The main purpose of life insurance is to enable your family to continue their current lifestyle when you are no longer able to provide an income. It is also designed to help meet specific needs that your family will have in the future. Remember that women are increasingly earning good salaries and it’s perfectly logical that a woman should also have a life policy.

Here are a few examples of how a good life insurance policy can protect your family:

  • Life insurance will replace your income when you die.
  • It can pay off your bond and provide your family with a debt-free home.
  • Credit cards and consumer debts (like car loans and clothing accounts) can be settled with life insurance benefits.
  • A properly calculated policy will provide funding for a quality education for your children.
  • Funeral expenses can be paid from your life insurance proceeds, preventing the need for your spouse and/or children to have to deal with them at the worst possible time.

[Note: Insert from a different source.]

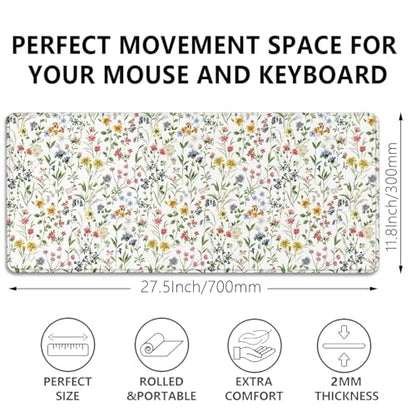 Wildflower Flowers and Plant Desk Pad Mouse Pad,Large Extended Gaming Mouse Mat with Stitched Edges,Non-Slip Waterproof Rubber Base Mousepad for Office Work Home(27.5X11.8 in) - color: Wildflowers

So how much life insurance do you need?
As a general rule, a married couple with children should purchase a life insurance policy for at least 8 - 10 times the primary wage earner's annual salary, but special circumstances may require more:

  • Do you have a large bond on your home?
  • Do you have one or more children that will eventually attend university?
  • Do you have one or more family members who are disabled or someone who will require extensive medical care?
  • Will your parents require financial assistance for their retirement?

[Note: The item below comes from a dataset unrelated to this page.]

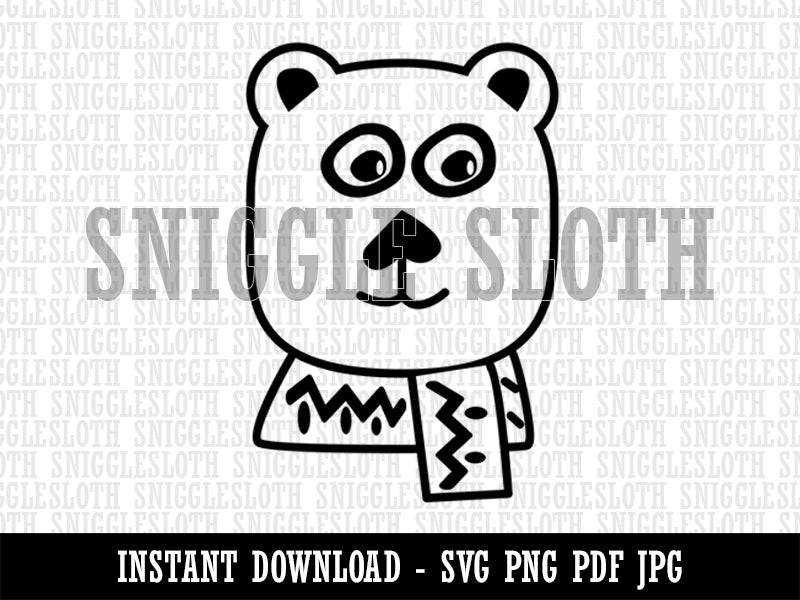 Cozy Polar Bear Clipart Digital Download SVG PNG JPG PDF Cut Files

If you answered 'yes' to any of these questions you need to adjust the amount of life insurance coverage accordingly. It's better to have too much coverage rather than not enough. A good independent financial planner can help you determine the amount of coverage that is best for you and your family.

I often hear from individuals that life cover is too expensive. In many cases the client has been sold a policy with an investment element, pushing up the premium.

For example, regular life cover for a 30-year-old may cost R400 a month depending on the amount of cover. However, salespeople often convince the buyer to take out a tandem investment, which could double the premium.

Although it is important to have investments, it is not a good idea to lump them with a life policy, for several reasons.

  • The amount of the investment is affected by the costs of the policy and this ultimately results in lower returns.
  • You have no control over where the money is invested.
  • If, for some reason, you cancel the policy you could also lose the investment amount.
  • In the event of your death your heirs will receive only the life portion of the policy. In other words, if your life cover is R500 000 and you have invested R50 000, only the life portion will be paid out.

Even if you can’t afford the full amount required, a small policy is better than nothing. Look at your lifestyle and see if you can reduce some of your expenses, as the sacrifice will be well worth the peace of mind.